**Task goal:**
Would you please retype, exactly, the lines of the listing below between the line with "Giovanni Rana Parmigiana Di Melanzane 700 g" and the line with "Fönsterrengöring-Mini Glasrakel, Tecknad", inclusive?

**Source data:**
···

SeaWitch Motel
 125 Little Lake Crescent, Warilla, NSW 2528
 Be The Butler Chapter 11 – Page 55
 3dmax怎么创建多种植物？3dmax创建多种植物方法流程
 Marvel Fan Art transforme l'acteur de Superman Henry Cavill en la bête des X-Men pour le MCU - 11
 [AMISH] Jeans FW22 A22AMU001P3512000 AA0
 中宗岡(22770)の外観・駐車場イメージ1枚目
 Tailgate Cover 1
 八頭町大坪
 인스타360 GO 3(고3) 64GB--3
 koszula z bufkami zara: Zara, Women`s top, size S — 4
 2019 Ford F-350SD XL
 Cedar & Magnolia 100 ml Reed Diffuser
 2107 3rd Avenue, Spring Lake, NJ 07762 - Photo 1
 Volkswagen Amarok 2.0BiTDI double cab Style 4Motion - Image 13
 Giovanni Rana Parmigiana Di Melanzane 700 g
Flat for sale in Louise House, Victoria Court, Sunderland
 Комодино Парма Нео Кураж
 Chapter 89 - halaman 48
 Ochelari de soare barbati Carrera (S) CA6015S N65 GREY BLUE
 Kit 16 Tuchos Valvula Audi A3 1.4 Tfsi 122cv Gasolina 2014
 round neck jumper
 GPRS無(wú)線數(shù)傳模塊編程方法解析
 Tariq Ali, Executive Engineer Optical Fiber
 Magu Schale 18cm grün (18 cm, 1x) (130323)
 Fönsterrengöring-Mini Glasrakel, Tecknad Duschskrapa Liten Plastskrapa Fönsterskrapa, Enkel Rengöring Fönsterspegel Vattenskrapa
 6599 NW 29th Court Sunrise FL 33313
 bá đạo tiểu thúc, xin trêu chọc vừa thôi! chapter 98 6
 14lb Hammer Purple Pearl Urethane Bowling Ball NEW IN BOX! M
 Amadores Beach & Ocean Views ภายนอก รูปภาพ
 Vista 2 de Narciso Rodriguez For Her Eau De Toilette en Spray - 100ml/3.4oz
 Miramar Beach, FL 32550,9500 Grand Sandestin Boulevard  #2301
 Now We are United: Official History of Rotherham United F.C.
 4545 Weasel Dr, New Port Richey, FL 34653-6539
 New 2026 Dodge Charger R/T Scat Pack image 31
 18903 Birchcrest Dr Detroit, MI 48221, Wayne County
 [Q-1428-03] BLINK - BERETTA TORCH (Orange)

···

**Answer space:**
 Giovanni Rana Parmigiana Di Melanzane 700 g
Flat for sale in Louise House, Victoria Court, Sunderland
 Комодино Парма Нео Кураж
 Chapter 89 - halaman 48
 Ochelari de soare barbati Carrera (S) CA6015S N65 GREY BLUE
 Kit 16 Tuchos Valvula Audi A3 1.4 Tfsi 122cv Gasolina 2014
 round neck jumper
 GPRS無(wú)線數(shù)傳模塊編程方法解析
 Tariq Ali, Executive Engineer Optical Fiber
 Magu Schale 18cm grün (18 cm, 1x) (130323)
 Fönsterrengöring-Mini Glasrakel, Tecknad Duschskrapa Liten Plastskrapa Fönsterskrapa, Enkel Rengöring Fönsterspegel Vattenskrapa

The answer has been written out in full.